Lugar unveils radical new farm bill

Feedstuffs, October 17, 2001  Online Update
 
The ranking Republican on the Senate Agriculture Committee today unveiled an Administration-backed farm bill with a radical new approach to supporting farm income. Sen. Richard Lugar (R., Ind.) said his bill would end an "interminable cycle" of farm subsidies that has spurred over production and low prices in major row crops since the new deal. The bill would end current farm payments and replace them with a voucher system that farmers could use to insure up to 80% of their average gross farm income. The farm income support would apply to all crops and livestock. It also would double spending for conservation programs and provide bonus payments for farmers who previously established conservation practices that continue to preserve soil and water. Lugar's bill would spend up to $25 billion a year in new funding over the current $9.4 billion-a-year baseline. Lugar he was sympathetic to including a bill by Sen. Pat Roberts (R., Kan.) that would spend $3.7 billion over five years for biosecurity and infrastructure improvements at U.S. Department of Agriculture crop and livestock disease laboratories. Lugar said he has allowed leeway in his spending cap for the inclusion of Roberts' bill. The Lugar proposal is for five years beginning in 2003.

Lugar says proposal will have broad appeal.

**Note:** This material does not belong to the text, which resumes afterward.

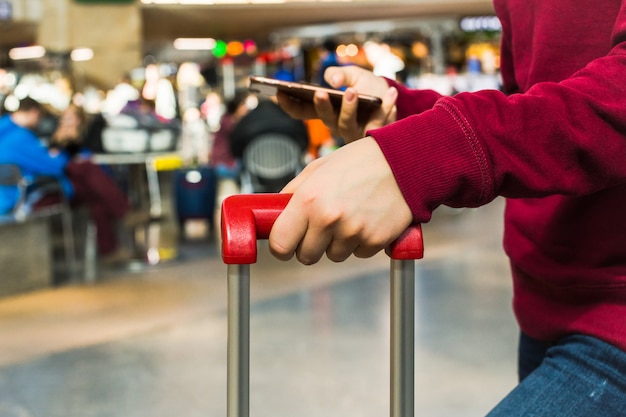 Main de la jeune fille se tenant la poignée de valise rouge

The politics surrounding the farm bill proposal unveiled by Sen. Richard Lugar (R., Ind.) today are nothing short of remarkable. No commodity groups or major farm organizations were present at the press event to kick off the bill. The general thinking is that the bill is almost sure to be opposed by many commodity groups whose members stand to lose subsidy payments. Interestingly, key support to date for the bill has come from Ken Cook of the Environmental Working Group as well as other environmental, conservation and wildlife groups that are enthusiastic about the broad scope of the bill's conservation title. In addition, the Lugar bill, which so far has no cosponsors but which is supported by the Bush Administration, has been endorsed by the National Conference of State Legislators as well as the American Public Human Services Assn. and the Food Research & Action Center, both of which represent the food stamp and nutrition lobby and environmental defense. Lugar said his bill will have broad appeal to a national constituency.